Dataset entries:
======

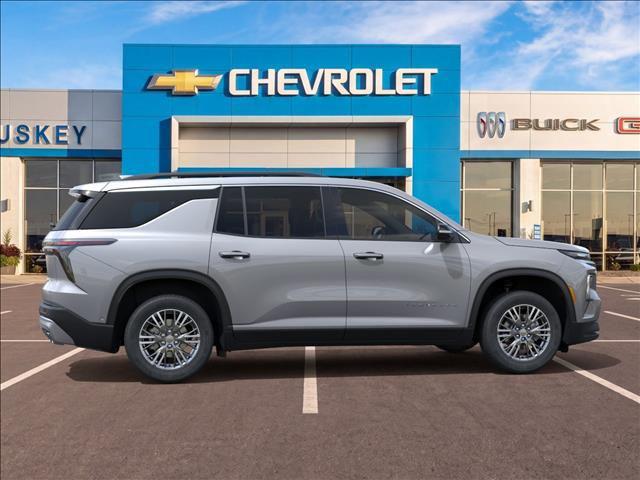 2026 Chevrolet Traverse FWD LT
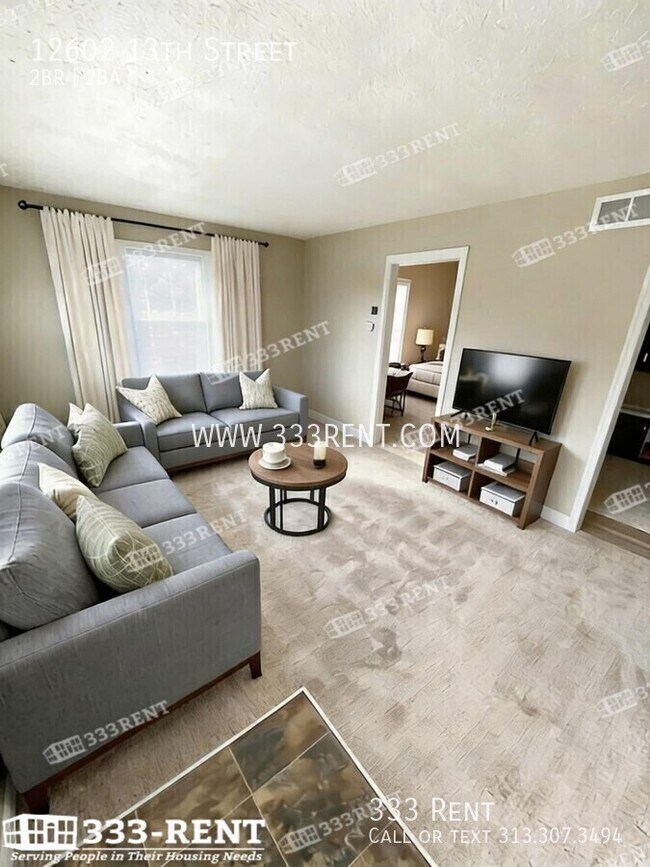 Foto del edificio - 12602 13th St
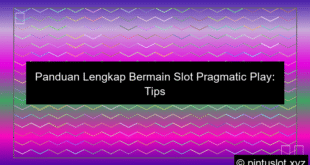 Slot Pragmatic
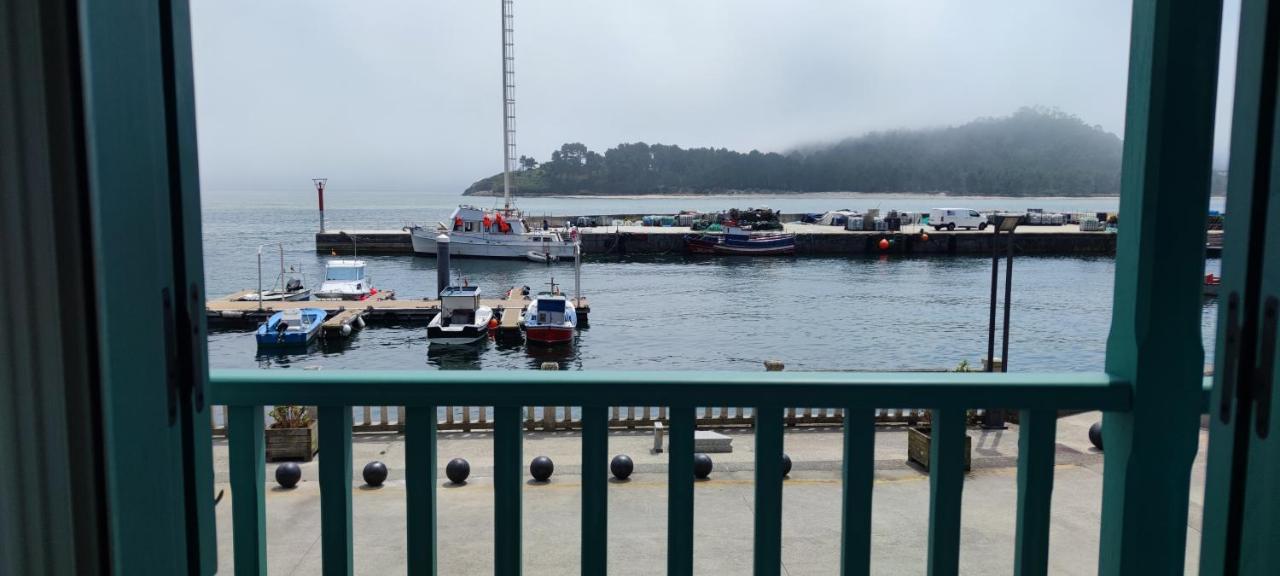 Вілла El Balcon De Carmen Porto do Barqueiro Екстер'єр фото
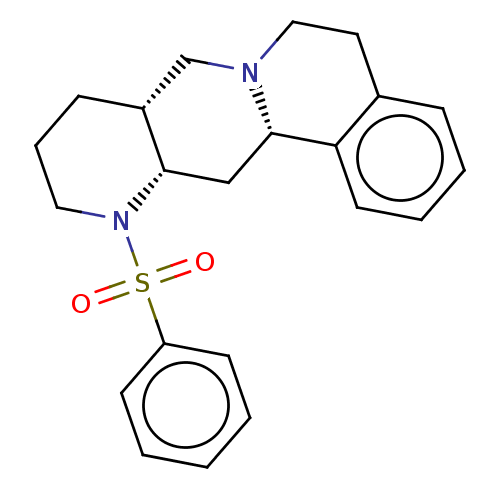 Chemical structure of BindingDB Monomer ID 50229149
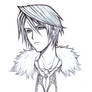 Dissidia : Squall Leonheart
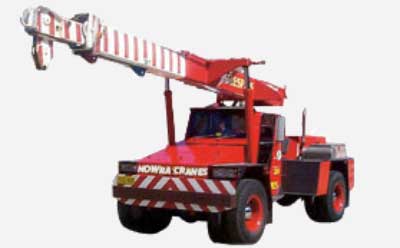 181 – 18 Tonne Franna Crane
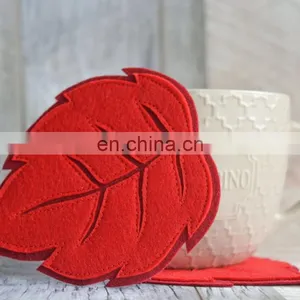 Felt Die Cutting Coaster thumbnail-4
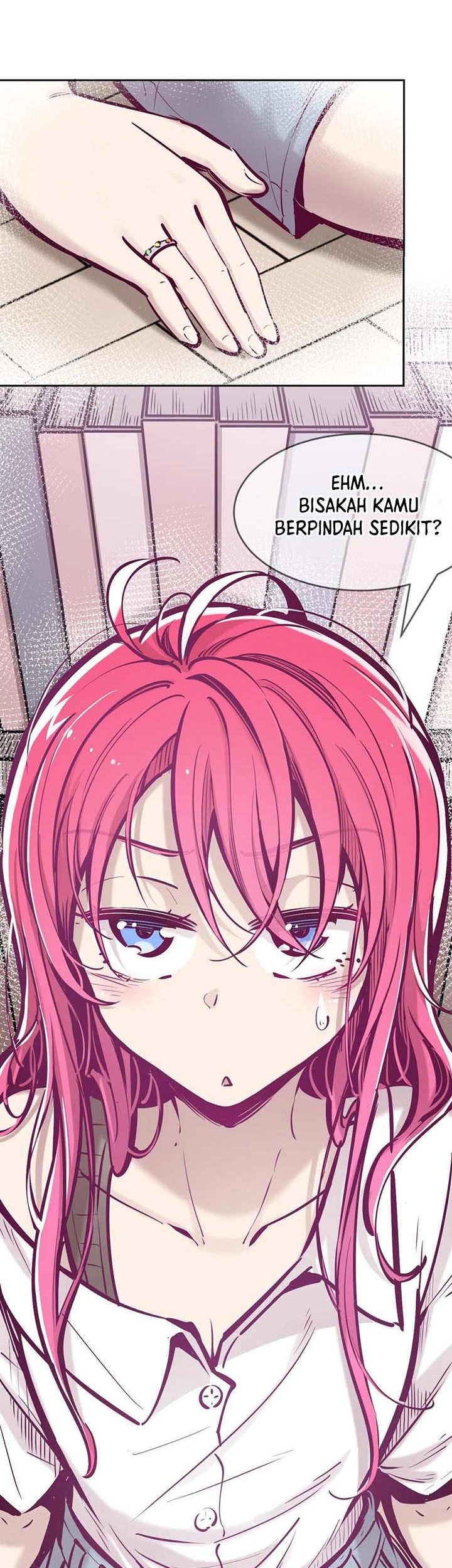 Demon X Angel, Can’t Get Along! Chapter 53 Gambar 47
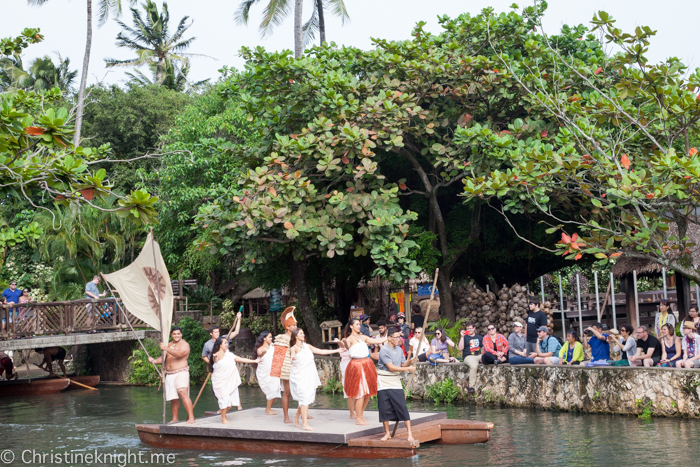Top Tips For Visiting The Polynesian Cultural Center Oahu Hawaii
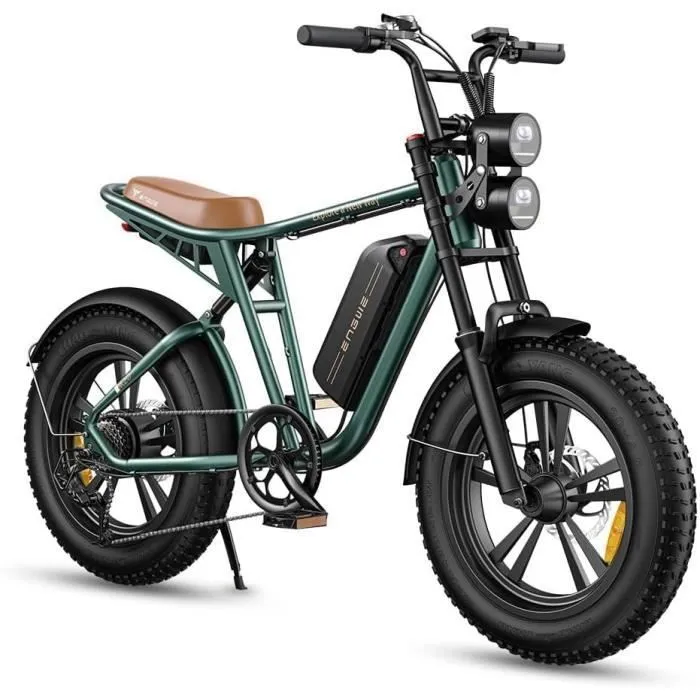 ENGWE M20 – Elektrofahrrad 20” — изображение 4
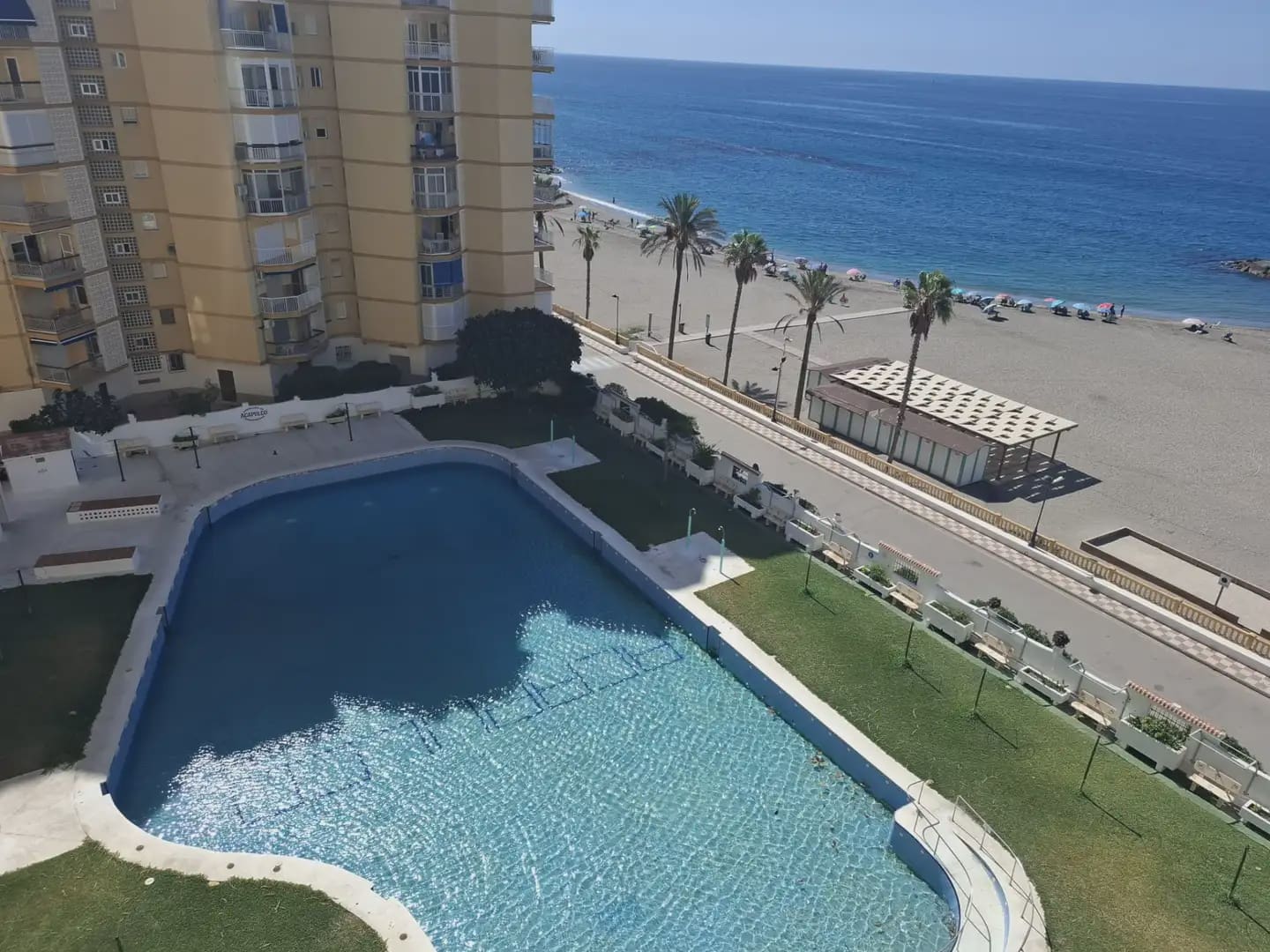 2 chambre Appartement à vendre à Torrenueva avec piscine garage - 250 000 € (Ref: 10072998)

======

WHAT THE TASK ASKS:
Only the lines from the one holding "ENGWE M20 –" through the last line of the records should be output, please, exactly and without any pictures.

SOLUTION FOR THIS TASK:
 ENGWE M20 – Elektrofahrrad 20” — изображение 4
 2 chambre Appartement à vendre à Torrenueva avec piscine garage - 250 000 € (Ref: 10072998)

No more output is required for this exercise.